# consideration vs. examination



## Tom Fennell

What is the difference between consideration and examination in a judicial context....

I.e. "The court considered the case..." vs. "The court examined the case...."

(one could also contrast this with reviewing a case or reviewing/inspecting the evidence in the case....)

Thanks!


----------



## gabrielnd

Well, I am not from the law area, but after a word like "consideration" I would expect that the court has an affirmative answer to the case.

"The court considered and agrees."

But let's wait an opnion from someone from the area.


----------



## pob14

Well, this is _definitely_ my area.

I'm not really sure when you would use either of those.  A court (that is, a judge) certainly doesn't "examine" a case; he or she "hears" it.

A court would definitely "consider" a case, but _not_ the case before it; the court might "consider the case of _Brown v. Board of Education_ in reaching its decision," meaning that it would consider that prior case as precedent in helping decide the present case.

A court might "take the case _under consideration_," which means it does not announce a ruling at the time of hearing or trial, but takes some time to think about it and announces a ruling at a later date.  For some reason, we do not say the court is "considering the case" during this time; we always say the case is under consideration.

Is there a specific example you're wondering about?


----------



## Tom Fennell

pob14 said:


> Well, this is _definitely_ my area.
> 
> I'm not really sure when you would use either of those.  A court (that is, a judge) certainly doesn't "examine" a case; he or she "hears" it.
> 
> A court would definitely "consider" a case, but _not_ the case before it; the court might "consider the case of _Brown v.

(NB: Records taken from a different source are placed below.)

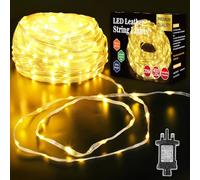 GlobaLink Christmas Chasing Rope Lights, 30M/100ft 600Leds Rope Lights, IP65 Waterproof Led Tube Light with 9 Modes, Mains Christmas String Lights for Xmas Tree Garden Outdoor Indoor Decor-Warm White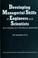 Cover of: Developing managerial skills in engineers and scientists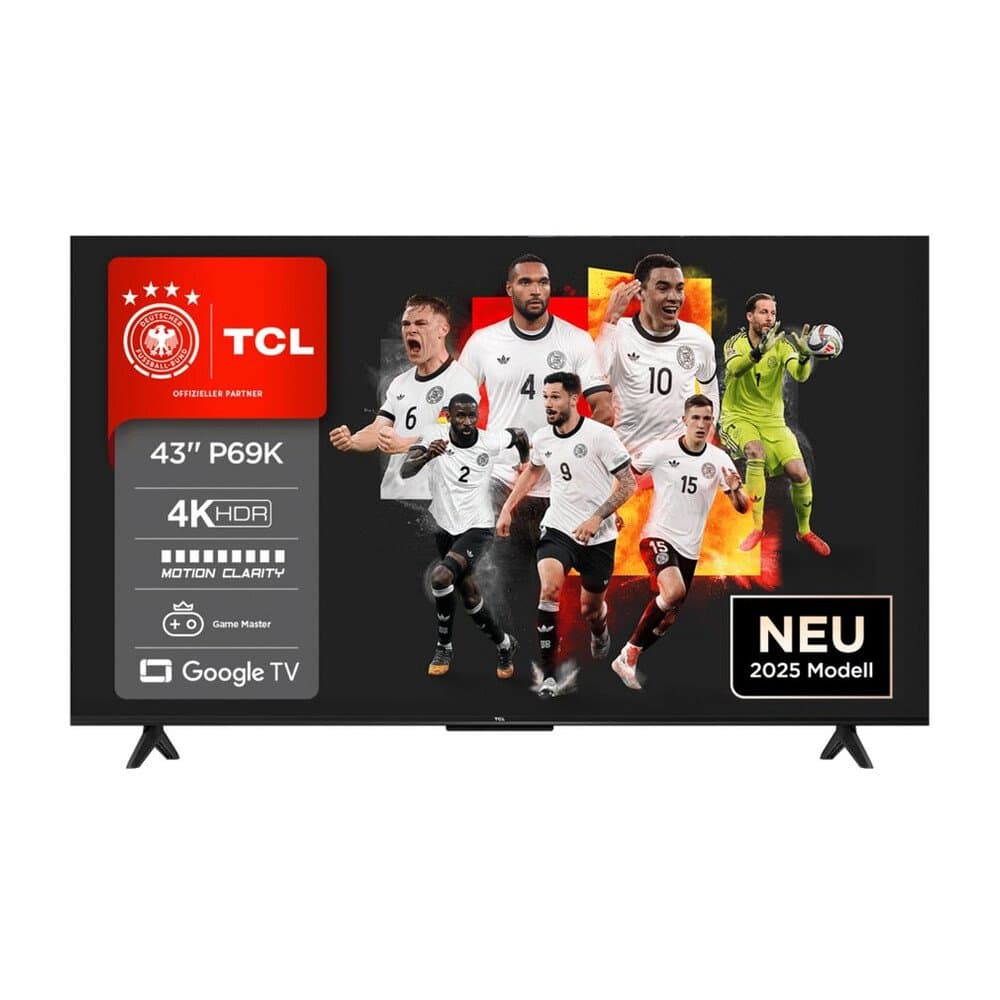 TCL 43P69KX9 LED-Fernseher (43 Zoll, 4K Ultra HD)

Board of Education_ in reaching its decision," meaning that it would consider that prior case as precedent in helping decide the present case.
> 
> A court might "take the case _under consideration_," which means it does not announce a ruling at the time of hearing or trial, but takes some time to think about it and announces a ruling at a later date.  For some reason, we do not say the court is "considering the case" during this time; we always say the case is under consideration.
> 
> Is there a specific example you're wondering about?

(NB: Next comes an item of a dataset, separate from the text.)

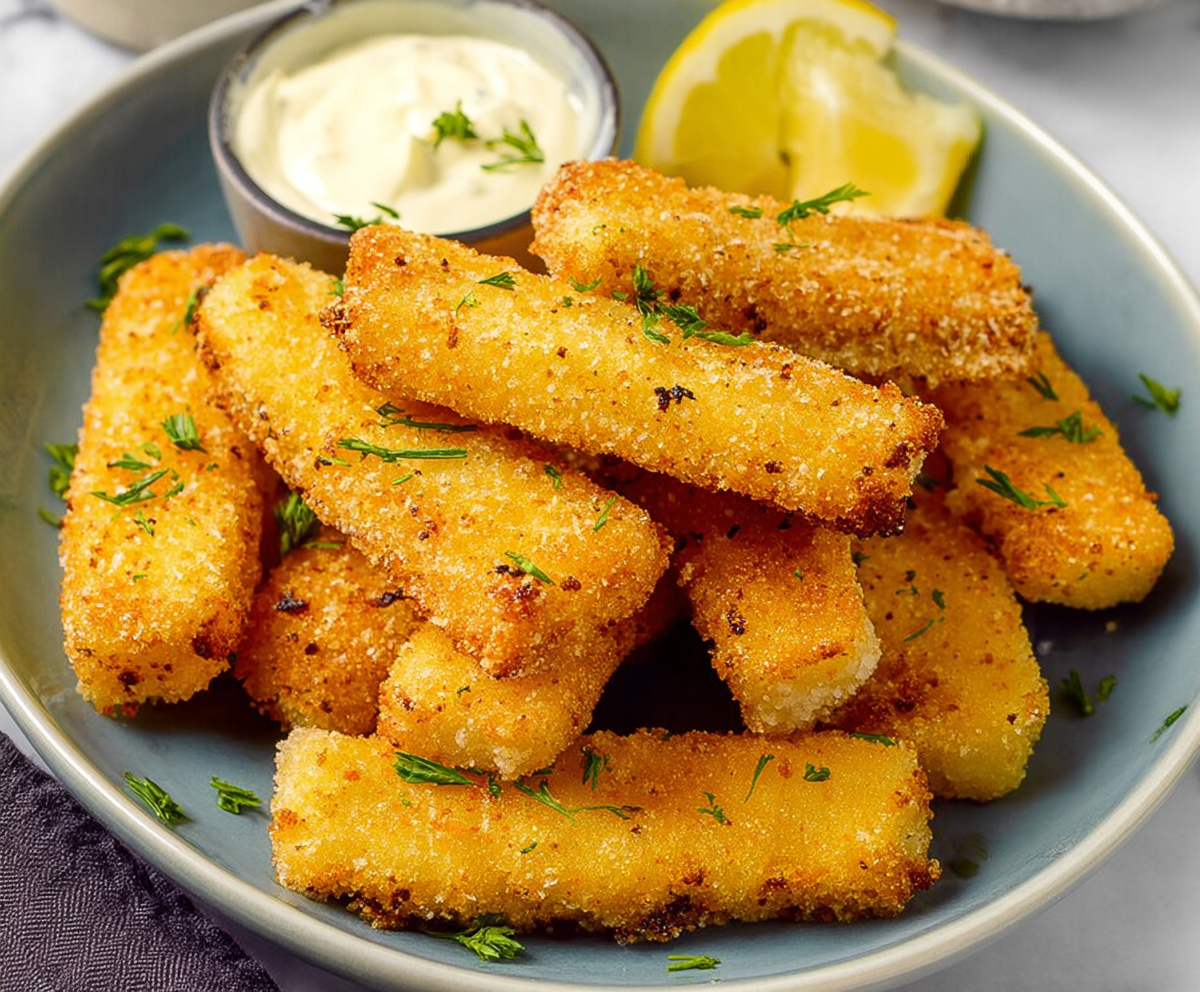 Crispy Air Fryer Fish Sticks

Now we are getting closer......I'm actually trying to get from the Russian рассматривать дело.....into English.  What I am talking about is the active stage of proceedings, when the court is hearing arguments, reading briefs, and examining written and oral evidence....

"hearing" would seem a stretch because I deal mainly in corporate law, and most of the evidence and arguments are presented in briefs......


----------



## morzh

I just wanted to remind the pros here, that often times us, lay folks, use the phrases that do not necessarily satisfy correct legalese usage, and even if they sound the same like "considering case / examining case" (which presence here due to the use by a native is the best proof it indeed is in use; I also heard "court examining the case" myself and read it in the press; here's one for you:
http://www.infocera.com/Osteoporosis_drug_not_helping_people,_court_examining_the_case_10816.htm), they may mean a different thing depending on whom they are used by, and where.

So first you need to realize which one language, lay/press/legalese, and from what Russian language (same subdivisions - from the press, from a court transcripts,) you are trying to translate it into.


----------



## Tom Fennell

morzh said:


> I just wanted to remind the pros here, that often times us, lay folks, use the phrases that do not necessarily satisfy correct legalese usage, and even if they sound the same like "considering case / examining case" (which presence here due to the use by a native is the best proof it indeed is in use; I also heard "court examining the case" myself and read it in the press; here's one for you:
> http://www.infocera.com/Osteoporosis_drug_not_helping_people,_court_examining_the_case_10816.htm), they may mean a different thing depending on whom they are used by, and where.
> 
> So first you need to realize which one language, lay/press/legalese, and from what Russian language (same subdivisions - from the press, from a court transcripts,) you are trying to translate it into.



Russian does not have the same problem with a cavernous gulf between formal legal language and everyday language that one has in English.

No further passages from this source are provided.